The newly formed National Football League scheduled six Thanksgiving Day games in 1920 to generate interest. The struggling Detroit Lions franchise started their holiday tradition against the Chicago Bears in 1934. The game was such a financial success the tradition took root. The fledgling Dallas Cowboys took the same path starting in 1966.

When high schools started playing the game in the early decades of the 20th century, many young men were needed by their families to help harvest the crops in late summer. Therefore, the football season often didn’t start until October. Since there were no playoffs, Thanksgiving Day games were usually the season finale against a traditional rival.  The oldest high school Turkey day rivalry is between Boston Latin and English High Schools in Massachusetts. They have played on that date every year since 1887. In Pennsylvania, Easton High School has taken on its rival across the river in Phillipsburg, New Jersey each Thanksgiving since 1916. The winner takes home the Forks of the Delaware Trophy.
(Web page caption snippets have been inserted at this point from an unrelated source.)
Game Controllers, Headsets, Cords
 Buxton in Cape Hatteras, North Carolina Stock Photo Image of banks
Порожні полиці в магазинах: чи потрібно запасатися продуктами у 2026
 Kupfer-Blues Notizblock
In eastern Pennsylvania, a handful of these holiday rivalry games continue today despite regional and state playoffs.  

Locally, Waynesburg College played its first football contest on October 19, 1895. They beat West Virginia University 10-8 at the old fairgrounds. It is believed the Mountaineers sent their “reserves” because they were expecting an easy win against the “farmers”. Waynesburg then lost back to back away games against Washington & Jefferson and the Mountaineer’s varsity. However, there is confusion about what constituted an official game and what was simply an exhibition. What many consider the Yellow Jackets’ first real game was played on Thanksgiving that year at the Fairgrounds in Waynesburg with the locals avenging their earlier defeat to W&J by a 4-0 score. (Note: A touchdown was worth four points at the time. Two points were awarded for extra points and safeties, while field goals were worth five.) If that were determined to be the first official game, Jesse Hunnell Hazlett scored the first official touchdown in Waynesburg College history at that game. Many of the spectators had no idea of the rules of the game. In fact, most of the players on the roster had never even seen a game before they began the season.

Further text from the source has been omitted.